__Problem statement__
Among the lines below, list those containing the string "Card".

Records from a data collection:
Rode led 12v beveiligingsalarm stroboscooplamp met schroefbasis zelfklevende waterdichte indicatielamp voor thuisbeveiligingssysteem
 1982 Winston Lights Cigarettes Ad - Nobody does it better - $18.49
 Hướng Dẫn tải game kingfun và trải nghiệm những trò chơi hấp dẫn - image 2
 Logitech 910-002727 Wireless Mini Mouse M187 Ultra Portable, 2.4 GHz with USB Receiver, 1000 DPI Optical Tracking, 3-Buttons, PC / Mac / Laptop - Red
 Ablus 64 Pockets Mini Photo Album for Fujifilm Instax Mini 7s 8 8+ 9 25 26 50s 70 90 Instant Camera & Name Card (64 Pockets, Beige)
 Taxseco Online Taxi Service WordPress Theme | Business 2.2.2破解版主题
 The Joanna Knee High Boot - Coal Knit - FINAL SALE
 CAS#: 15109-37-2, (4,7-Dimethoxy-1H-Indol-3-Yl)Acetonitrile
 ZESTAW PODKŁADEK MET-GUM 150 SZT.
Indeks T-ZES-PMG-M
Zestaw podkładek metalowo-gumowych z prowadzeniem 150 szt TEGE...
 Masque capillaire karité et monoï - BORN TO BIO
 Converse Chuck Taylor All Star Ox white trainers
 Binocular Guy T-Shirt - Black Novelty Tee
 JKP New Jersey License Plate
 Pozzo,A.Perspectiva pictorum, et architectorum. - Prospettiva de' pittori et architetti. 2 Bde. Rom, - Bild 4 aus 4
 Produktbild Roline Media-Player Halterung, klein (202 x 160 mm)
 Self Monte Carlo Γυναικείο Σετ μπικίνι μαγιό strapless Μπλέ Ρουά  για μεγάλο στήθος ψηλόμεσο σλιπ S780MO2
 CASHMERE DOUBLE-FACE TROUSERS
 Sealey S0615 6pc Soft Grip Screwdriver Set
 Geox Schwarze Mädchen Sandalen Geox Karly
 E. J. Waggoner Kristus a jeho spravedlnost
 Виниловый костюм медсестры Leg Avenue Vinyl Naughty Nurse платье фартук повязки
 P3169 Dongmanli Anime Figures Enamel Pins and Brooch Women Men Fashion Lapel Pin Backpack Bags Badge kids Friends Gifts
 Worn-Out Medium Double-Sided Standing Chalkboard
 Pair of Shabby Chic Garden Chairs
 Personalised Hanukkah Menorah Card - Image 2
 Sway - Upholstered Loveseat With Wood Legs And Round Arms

__Written response__
 Ablus 64 Pockets Mini Photo Album for Fujifilm Instax Mini 7s 8 8+ 9 25 26 50s 70 90 Instant Camera & Name Card (64 Pockets, Beige)
 Personalised Hanukkah Menorah Card - Image 2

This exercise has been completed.